My dear Papa,
You seem to have had quite as severe winter weather at Lacock as we have had here and precisely on the same days. Our heavy fall of snow was on the 1st: on Wednesday it thawed, but froze again that night – On thursday there was a little more snow, which has since gradually disappeared. For the last three days, we have had brilliant sun, and a cutting north east wind, with a most splendid view of the Fife hills, if any body had had courage enough to ascend Calton hill and look at it.
Last tuesday Sir John McNeill <1> was snowed up on his way from Granton to Edinburgh, where he comes every day on business, and stuck so fast in the drift, that twelve men had to dig for a whole hour to cut a passage for the carriage through the snow, which formed a high wall on each side of it. Does not this sound uncommonly wintry for March? But the midland counties have been far worse off. I think snow storms are generally more severe there than any where else.
There are a great many balls just now, as if the people of Edinburgh thought they wanted a little spirited dancing to keep themselves warm this severe weather. Mama and Tilly <2> went to two last week – one at the Assembly rooms, and the other a private ball which they said was a very good one. I did not go to them, as I did not yet feel quite as strong as usual, and wished to reserve myself for the Opera, to which we all went yesterday. We had La Traviata and heard Mlle Piccolomini, <3> who has been so much talked of for the last two years. She is very young and extremely pretty, only she makes too many grimaces in singing. We were in one of the lower stage boxes and had an admirable view of the actors’ faces; but we had also the full benefit of the [illegible deletion] draughts from the stage, which was not so agreable.

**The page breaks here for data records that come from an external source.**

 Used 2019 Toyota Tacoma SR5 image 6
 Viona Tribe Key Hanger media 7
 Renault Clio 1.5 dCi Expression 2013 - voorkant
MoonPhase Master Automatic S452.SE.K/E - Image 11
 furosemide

Tomorrow, what do you think? – we are going to a wedding – as spectators, in the gallery of St John’s church – Sir John McNeill’s daughter, Ferooza <4> (which means turqoise in Persian) is going to marry a Mr Stewart, <5> who is a lieutenant in the navy, and whose father <6> has a place in Argyle shire, – the climate there is so delightfully mild that myrtles live all the year in the open air: in fact it is, if anything, warmer than Devonshire. Not a particle of snow has fallen in that delightful spot, when all the rest of the country was covered with it. Ferooza McNeill is to have eight bridemaids, all dressed in blue and white, in honour of her name, and she is going to give each of them a turqoize locket. W’ont that be very appropriate?

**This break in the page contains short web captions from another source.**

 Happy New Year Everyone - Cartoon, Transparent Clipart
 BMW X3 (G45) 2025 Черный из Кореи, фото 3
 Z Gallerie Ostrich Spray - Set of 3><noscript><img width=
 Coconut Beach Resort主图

The change of ministry has made quite a revolution here. The Lord Advocate and so many others are obliged to give up their places. They are all of course very warm opponents of Lord Derby’s <7> cabinet but console themselves with the hope, that at any rate they will not last beyond this session.

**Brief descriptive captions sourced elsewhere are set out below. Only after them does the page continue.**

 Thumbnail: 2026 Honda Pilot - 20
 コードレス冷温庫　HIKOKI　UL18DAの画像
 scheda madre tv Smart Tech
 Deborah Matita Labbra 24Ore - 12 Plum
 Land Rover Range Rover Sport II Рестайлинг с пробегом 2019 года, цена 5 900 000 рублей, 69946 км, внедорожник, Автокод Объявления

It was very unlucky that the night of the eclipse was the very first night cloudy night we had had for a long time. The moon was particularly bright the evenings before.
But I hope we may be more fortunate for the eclipse of the sun, which will be much more interesting. If the weather is fine we mean to go out into the country each provided with a bit of coloured or smoked glass, for from the house we could not see well. – Do not you mean to go to Melksham <8> to see it in perfection? It is not so very far – and you could watch it so well from Mr Kenrick’s<9> garden.
But my paper is come to an end, so goodbye, dear Papa, –
your affectionate daughter
Rosamond C. Talbot.
H. F. Talbot Esqre
1. Sir John McNeill (1795–1883), diplomat.
2. Constance Talbot, née Mundy (1811–1880), WHFT’s wife and Matilda Caroline Gilchrist-Clark, ‘Tilly’, née Talbot (1839–1927), WHFT’s 3rd daughter.
3. Maria Piccolomini, soprano, polular in the 1850s–1860s.
4. Ferooza Margaret McNeill (1834–1871). Her father was British Minister in Tehran 1836–1842, hence her Arabic name. An interesting woman, Ferooza, was only 20 years old when she went to live with cholera infected families at Cnoc na Faire. Despite her legendary immunity she died fairly young.
5. Duncan Stewart (b. 1834).
6. John Lorne Stewart (b. 1800) of Coll and Knochrioch, Argyleshire, Magistrate for Perth and a Deputy-Lieutenant for Argyle.
7. Edward Stanley, 14th Earl of Derby (1799–1869). In 1858, he formed his second ministry on the resignation of Viscount Palmerston.
8. Melksham, Wiltshire: market town near Lacock, 2 miles S.
9. Dr George Cranmer Kenrick, surgeon living at The Grove, Melksham.